New API standards cover offshore drilling, production structures

Nov. 17, 2014
The American Petroleum Institute published five new recommended practices (RPs) for the design, construction, and maintenance of structures used in offshore oil and gas drilling and production.

The American Petroleum Institute published five new recommended practices (RPs) for the design, construction, and maintenance of structures used in offshore oil and gas drilling and production.

The standards were developed in response to technological improvements making offshore resources that once were inaccessible within reach, said David Miller, API standards director.
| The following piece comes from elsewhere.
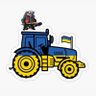 Beetroot_Ninja's profile picture. Yellow and blue on 4 wheels / Жълто-синьо на 4 колела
One standard revises an existing one, while the other four are being published for the first time, he noted.

The five standards are:

• RP 2A-WSD, 22nd Edition, Planning, Designing, and Constructing Fixed Offshore Platforms-Working Stress Design, which serves as a guide for design and construction of new fixed offshore platforms and for relocation of existing platforms used for drilling, development, production, and storage of hydrocarbons offshore.

• RP 2MET, 1st Edition, Derivation of Metocean Design and Operating Conditions, which sets general requirements for using meteorological and oceanographic (metocean) conditions to inform the design, construction, and operation of all types of offshore oil and gas structures.
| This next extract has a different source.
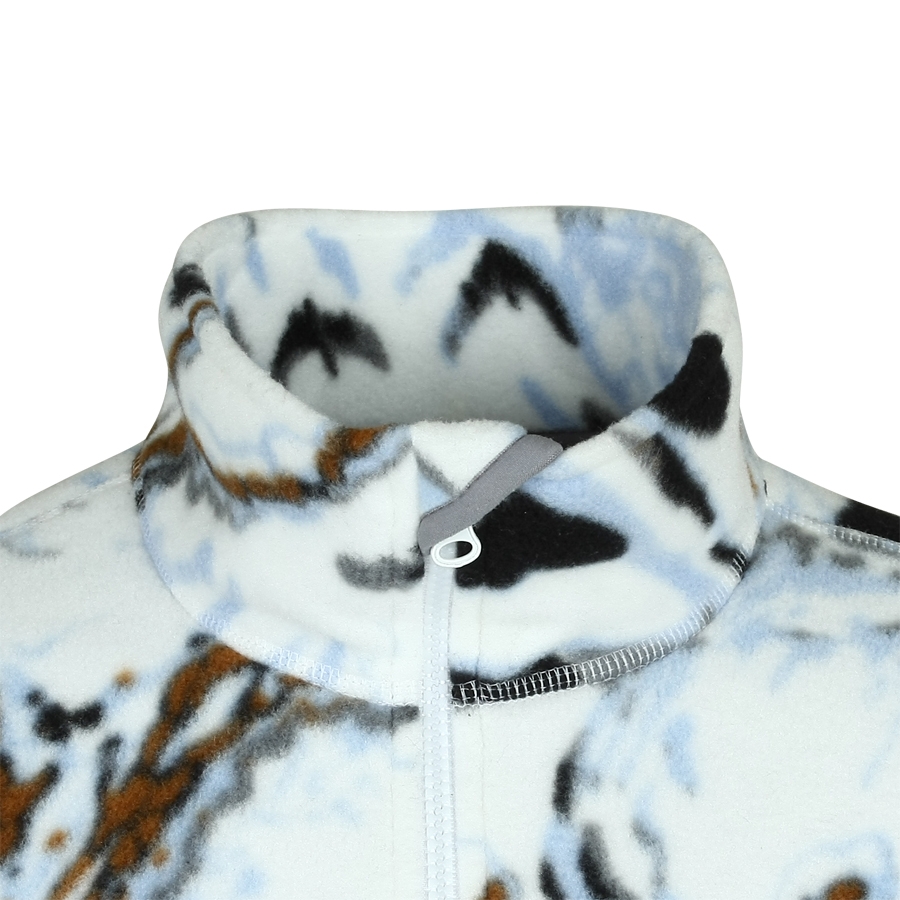 Куртка женская флисовая Сплав мод.2 бордо - фото 11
• RP 2GEO, 1st Edition, Geotechnical and Foundation Design Considerations, which contains requirements and recommendations for applying aspects of geoscience and foundation engineering to a broad range of offshore structures.

• RP 2EQ, 1st Edition, Seismic Design Procedures and Criteria for Offshore Structures, which lists requirements for defining design procedures and criteria for earthquake-resistant fixed offshore structures. It also discusses the effects of seismic events on floating and partially buoyant structures, API said.

• RP 2SIM, 1st Edition, Structural Integrity Management of Fixed Offshore Structures, with specific elements addressing the evaluation of structural damage, inspections above and below the water, assessing fitness-for-purpose, risk reduction, mitigation planning, and the process of decommissioning.

API has been publishing oil and gas standards since 1924, and currently has more than 650 standards and technical publications. The program is accredited by the American National Standards Institute, which also accredits programs at several national laboratories, API said.